WHAT IS BEING ASKED: In the listing below, find the line containing "Hey everyone, welcome" and the line containing "So I'm just", then copy exactly everything from the first through the second, except the pictures.

DATASET ENTRIES:
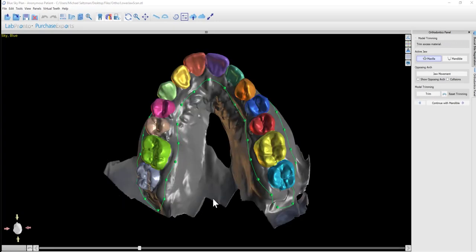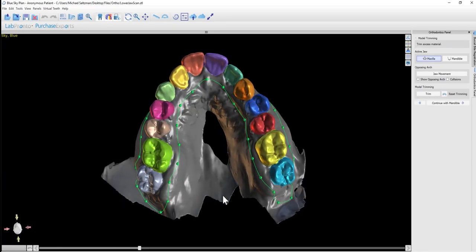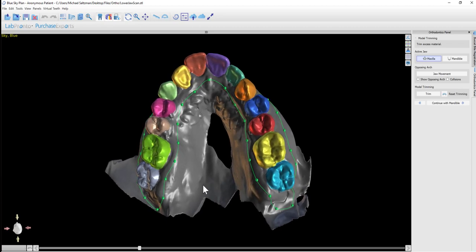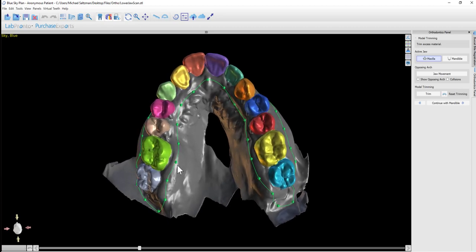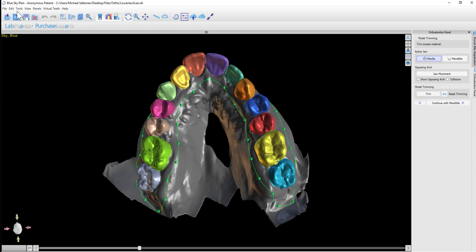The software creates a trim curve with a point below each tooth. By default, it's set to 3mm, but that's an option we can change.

---

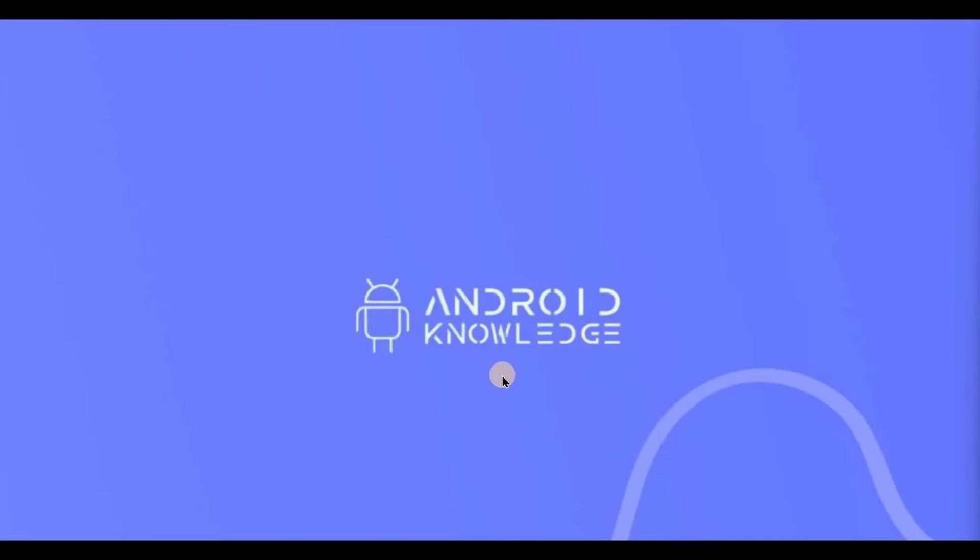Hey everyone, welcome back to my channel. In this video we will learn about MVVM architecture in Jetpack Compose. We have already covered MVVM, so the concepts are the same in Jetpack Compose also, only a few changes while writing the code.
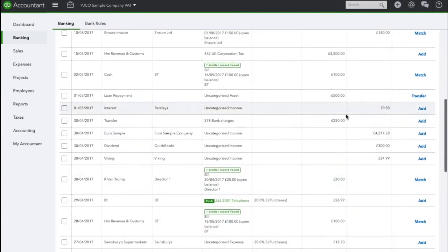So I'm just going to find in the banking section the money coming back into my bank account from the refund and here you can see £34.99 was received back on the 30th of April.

RESULT:
Hey everyone, welcome back to my channel. In this video we will learn about MVVM architecture in Jetpack Compose. We have already covered MVVM, so the concepts are the same in Jetpack Compose also, only a few changes while writing the code.
So I'm just going to find in the banking section the money coming back into my bank account from the refund and here you can see £34.99 was received back on the 30th of April.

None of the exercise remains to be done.